TO DO> Of all the lines in the material, tally those containing the string "quan", and report nothing but the total.

LISTED RECORDS>
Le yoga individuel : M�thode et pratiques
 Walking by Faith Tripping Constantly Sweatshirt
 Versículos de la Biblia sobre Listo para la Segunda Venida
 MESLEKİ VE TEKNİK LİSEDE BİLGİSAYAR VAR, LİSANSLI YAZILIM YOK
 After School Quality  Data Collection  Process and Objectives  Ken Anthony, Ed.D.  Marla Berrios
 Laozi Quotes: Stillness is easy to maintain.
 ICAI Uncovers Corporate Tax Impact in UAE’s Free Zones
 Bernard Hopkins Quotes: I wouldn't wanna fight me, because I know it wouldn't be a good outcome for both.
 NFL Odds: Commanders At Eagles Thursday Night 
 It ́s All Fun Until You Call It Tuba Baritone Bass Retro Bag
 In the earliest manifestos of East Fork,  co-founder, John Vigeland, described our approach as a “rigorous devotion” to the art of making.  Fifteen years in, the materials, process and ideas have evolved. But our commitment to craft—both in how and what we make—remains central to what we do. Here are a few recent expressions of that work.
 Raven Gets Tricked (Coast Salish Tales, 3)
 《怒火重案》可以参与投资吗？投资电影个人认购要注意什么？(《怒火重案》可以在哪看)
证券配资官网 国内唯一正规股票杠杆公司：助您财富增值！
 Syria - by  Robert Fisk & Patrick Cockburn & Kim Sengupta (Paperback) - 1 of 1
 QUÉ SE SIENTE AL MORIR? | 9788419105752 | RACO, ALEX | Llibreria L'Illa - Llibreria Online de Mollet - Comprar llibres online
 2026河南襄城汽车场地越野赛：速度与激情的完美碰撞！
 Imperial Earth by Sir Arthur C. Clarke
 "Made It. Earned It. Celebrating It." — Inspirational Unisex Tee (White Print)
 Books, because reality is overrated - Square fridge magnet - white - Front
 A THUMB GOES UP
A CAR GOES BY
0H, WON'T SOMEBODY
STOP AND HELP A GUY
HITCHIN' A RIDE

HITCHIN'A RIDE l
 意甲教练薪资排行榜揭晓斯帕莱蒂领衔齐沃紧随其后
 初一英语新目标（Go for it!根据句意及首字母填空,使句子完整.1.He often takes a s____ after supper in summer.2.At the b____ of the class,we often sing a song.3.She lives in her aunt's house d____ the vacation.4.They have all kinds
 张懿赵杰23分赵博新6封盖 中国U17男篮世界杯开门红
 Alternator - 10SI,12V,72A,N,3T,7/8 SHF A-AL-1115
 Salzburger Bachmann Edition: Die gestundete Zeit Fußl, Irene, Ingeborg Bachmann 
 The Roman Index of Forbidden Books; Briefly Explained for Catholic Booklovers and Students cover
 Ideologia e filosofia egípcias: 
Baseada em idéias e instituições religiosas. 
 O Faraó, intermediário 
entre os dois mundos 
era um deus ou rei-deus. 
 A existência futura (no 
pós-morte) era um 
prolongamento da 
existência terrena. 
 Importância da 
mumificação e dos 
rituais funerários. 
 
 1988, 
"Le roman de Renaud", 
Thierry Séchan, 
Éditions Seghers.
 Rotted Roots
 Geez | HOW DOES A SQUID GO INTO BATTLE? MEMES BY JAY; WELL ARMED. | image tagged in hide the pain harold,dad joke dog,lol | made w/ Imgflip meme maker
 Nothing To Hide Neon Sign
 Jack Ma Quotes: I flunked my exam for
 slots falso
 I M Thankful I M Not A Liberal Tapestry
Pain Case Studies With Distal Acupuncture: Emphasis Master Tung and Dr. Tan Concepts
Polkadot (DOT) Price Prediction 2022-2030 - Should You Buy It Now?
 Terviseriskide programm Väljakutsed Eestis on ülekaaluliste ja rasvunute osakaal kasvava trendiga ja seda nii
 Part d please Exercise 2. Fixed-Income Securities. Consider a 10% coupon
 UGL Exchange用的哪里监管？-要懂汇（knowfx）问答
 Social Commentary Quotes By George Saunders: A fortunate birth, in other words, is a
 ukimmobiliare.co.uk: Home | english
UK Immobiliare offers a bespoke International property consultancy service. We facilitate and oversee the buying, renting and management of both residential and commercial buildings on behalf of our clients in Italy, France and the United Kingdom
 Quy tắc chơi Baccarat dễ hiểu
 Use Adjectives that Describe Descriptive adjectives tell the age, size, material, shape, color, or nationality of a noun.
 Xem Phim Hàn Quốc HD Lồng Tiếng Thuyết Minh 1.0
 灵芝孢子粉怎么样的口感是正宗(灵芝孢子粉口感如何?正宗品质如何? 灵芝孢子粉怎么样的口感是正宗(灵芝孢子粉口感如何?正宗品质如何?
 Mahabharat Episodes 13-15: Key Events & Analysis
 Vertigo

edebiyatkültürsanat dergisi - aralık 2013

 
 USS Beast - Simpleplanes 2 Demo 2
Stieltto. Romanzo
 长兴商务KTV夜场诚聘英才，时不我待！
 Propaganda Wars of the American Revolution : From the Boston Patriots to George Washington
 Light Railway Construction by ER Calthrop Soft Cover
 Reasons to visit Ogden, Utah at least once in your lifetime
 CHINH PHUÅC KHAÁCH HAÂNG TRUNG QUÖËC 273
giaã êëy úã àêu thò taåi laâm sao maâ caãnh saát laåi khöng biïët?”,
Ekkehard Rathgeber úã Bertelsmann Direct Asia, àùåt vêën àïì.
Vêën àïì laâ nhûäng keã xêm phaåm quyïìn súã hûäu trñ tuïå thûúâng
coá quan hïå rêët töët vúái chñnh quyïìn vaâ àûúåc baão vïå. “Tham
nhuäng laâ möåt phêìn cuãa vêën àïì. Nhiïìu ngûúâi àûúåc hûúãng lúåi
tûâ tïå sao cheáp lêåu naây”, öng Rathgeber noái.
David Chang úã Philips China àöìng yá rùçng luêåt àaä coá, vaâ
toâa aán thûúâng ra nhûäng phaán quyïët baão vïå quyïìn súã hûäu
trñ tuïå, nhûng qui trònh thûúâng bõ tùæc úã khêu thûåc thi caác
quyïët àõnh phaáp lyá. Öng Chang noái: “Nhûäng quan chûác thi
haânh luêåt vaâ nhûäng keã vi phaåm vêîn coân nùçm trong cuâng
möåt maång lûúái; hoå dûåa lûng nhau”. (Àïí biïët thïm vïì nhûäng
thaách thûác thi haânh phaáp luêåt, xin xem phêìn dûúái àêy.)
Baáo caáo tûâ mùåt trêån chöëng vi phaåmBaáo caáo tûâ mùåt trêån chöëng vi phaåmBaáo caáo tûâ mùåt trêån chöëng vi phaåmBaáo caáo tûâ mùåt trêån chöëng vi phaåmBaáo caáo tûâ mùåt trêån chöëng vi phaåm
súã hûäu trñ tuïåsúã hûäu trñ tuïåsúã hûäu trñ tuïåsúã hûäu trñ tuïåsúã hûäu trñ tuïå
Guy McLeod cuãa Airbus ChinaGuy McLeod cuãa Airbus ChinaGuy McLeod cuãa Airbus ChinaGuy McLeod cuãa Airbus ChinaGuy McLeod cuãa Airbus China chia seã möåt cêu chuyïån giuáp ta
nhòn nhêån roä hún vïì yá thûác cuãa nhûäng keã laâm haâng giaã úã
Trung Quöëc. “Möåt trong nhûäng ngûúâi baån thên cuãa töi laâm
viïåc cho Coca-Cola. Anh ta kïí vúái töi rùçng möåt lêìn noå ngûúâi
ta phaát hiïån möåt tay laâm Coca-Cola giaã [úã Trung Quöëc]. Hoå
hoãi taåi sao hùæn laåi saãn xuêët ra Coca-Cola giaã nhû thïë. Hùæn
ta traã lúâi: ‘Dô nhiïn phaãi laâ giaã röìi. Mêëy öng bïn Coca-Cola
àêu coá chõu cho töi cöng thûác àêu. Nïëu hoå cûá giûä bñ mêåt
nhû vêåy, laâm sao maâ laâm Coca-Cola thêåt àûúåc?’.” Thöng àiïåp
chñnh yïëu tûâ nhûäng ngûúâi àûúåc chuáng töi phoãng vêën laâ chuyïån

SOLUTION FOR THIS EXERCISE> 2